Но произошло ли такое в действительности?
После того дня в церкви Харрисон Спиви целых три лета проработал у ее отца. Подстригал траву. Красил. Копал могилы древним ковшовым автопогрузчиком. Для него это было епитимьей, а для нее – еще одной причиной уйти. И все же он часами преклонял колена перед алтарем, знал каждый дюйм участка и зданий… Требовалось, правда, еще одно подтверждение – кое-что, связанное с Эллисон Уилсон…
Элизабет подхватила ключи от машины и удивилась, натолкнувшись на Джеймса Рэндольфа. Она и забыла, что он до сих пор здесь.
А всё воспоминания.
Острые, как ожог.
– Пока что не могу тебя отпустить. – Его рука опустилась на ее руку. Она опустила на нее взгляд. – Пожалуйста, пойми меня правильно: напоследок тебе надо еще кое-что увидеть.
Элизабет подняла взгляд к его лицу. Рэндольф словно вдруг постарел и сник, но глаза оставались по-прежнему живыми, чистыми и искренними.
– Вот, – произнес он. – Сядь.
Взял еще один стул и обернулся на копов за стеклом в помещении для инструктажа. Сел достаточно близко к ней, так что она уловила аромат лосьона после бритья, мяты в его дыхании. Похоже, его всерьез заботило, не смотрит ли кто на них.
– Приказ, – медленно проговорил Рэндольф, – приказу рознь.
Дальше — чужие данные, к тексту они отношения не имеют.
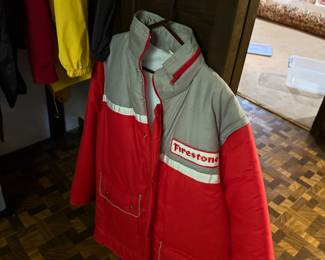 Vintage Firestone Coat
Рука его нырнула в карман пиджака.
– Тебе не полагается это видеть. Дайер считает, что ты обязательно что-нибудь выкинешь, так что всем очень прозрачно намекнул. Но вот я – лично я думаю, что тебе следует знать. Чтобы потом за тебя не переживать. Мало ли что. Просто здравый смысл.
Элизабет выжидала. Рука так и оставалась в кармане.
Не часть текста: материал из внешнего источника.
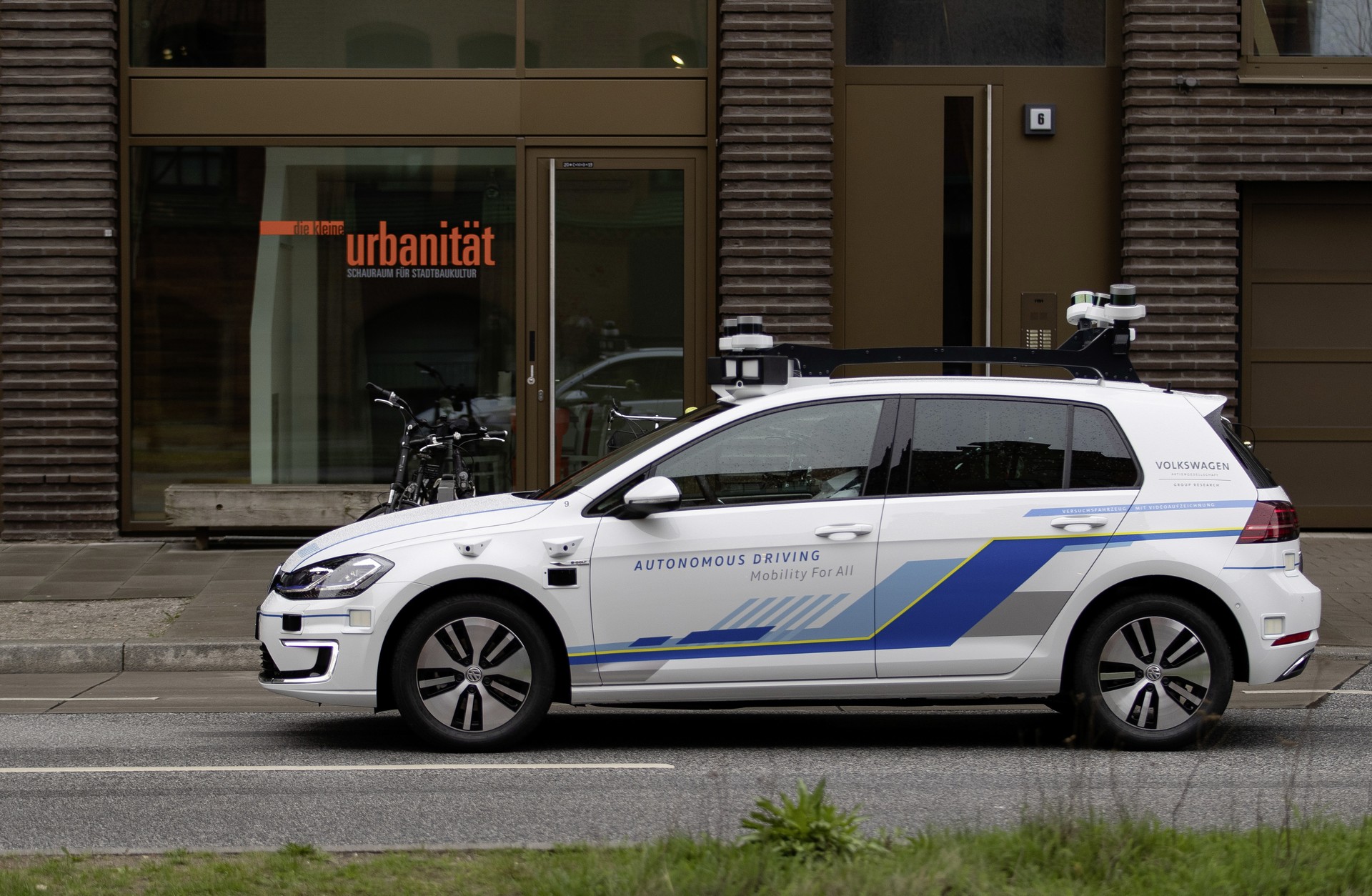 VW e-Golf Level 4 Autonomous-15 VW Begins Testing Level 4 Automated Vehicles In Germany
Рэндольф бросил еще один быстрый взгляд через стекло, а когда его рука появилась из кармана, то в ней был зажат полиэтиленовый пакетик для улик. Элизабет не взялась бы сказать, что в нем – только что вроде бы какая-то фотка.
– Бекетт нашел это под церковью. Было засунуто под балку прямо над телами. Только несколько людей про это знают. – Рэндольф пришлепнул гладкий пластик к ее ноге, предупредив: – Держи пониже.
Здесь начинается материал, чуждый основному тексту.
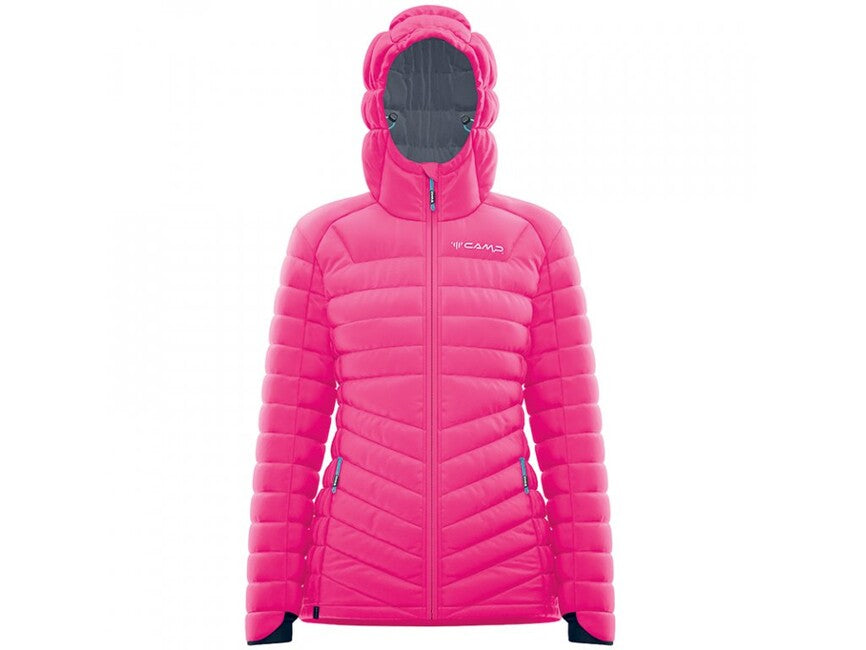 CAMP Protection Lady Women's Down Jacket, Magenta/Grey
Он убрал руку, и Элизабет осторожно, тремя пальцами взялась за пакетик. Увидела оборотную сторону фотографии. Бумага пожелтела, края истрепались.
– Под церковью, говоришь?
– Прямо над могилами.
Она перевернула снимок; несколько долгих секунд неотрывно смотрела на него. Рэндольф внимательно изучал ее лицо. Элизабет не могла ни двинуться, ни заговорить.
Он не торопил ее, а потом вытянул голову, чтобы самому хорошо видеть фото.
– Мне бы не пришло в голову, что это ты, но Дайер говорит, что это так. Говорит, что с детства помнит тебя по церкви, что даже такой молодой и длинноволосой узнал тебя в ту же секунду, как только увидел. Сколько тебе тут? Пятнадцать?
– Семнадцать.
Слово прозвучало обреченным выдохом. Фотография выцвела, потрескалась, местами подмокла. На ней Элизабет была в простом платье, волосы зачесаны назад и стянуты черной лентой. Гуляла возле церкви. Не улыбалась. Не грустила. Ее словно вообще там не было. На самом-то деле.
– Помнишь этот снимок?
Элизабет покачала головой, и это не была полнейшая ложь. Фотографию она никогда не видела, но узнала платье, узнала тот день.
– Есть отпечатки пальцев?
– Нет. Наверное, перчатки. Ты в порядке?
Она сказала, что да, но на глазах выступили слезы.
– Господи, Лиз! Дыши!
Элизабет попыталась, но это было непросто. Она хорошо помнила ту прогулку вокруг церкви.
Через пять недель после того, как ее изнасиловали.
Ровно за день до того, как она убила своего ребенка.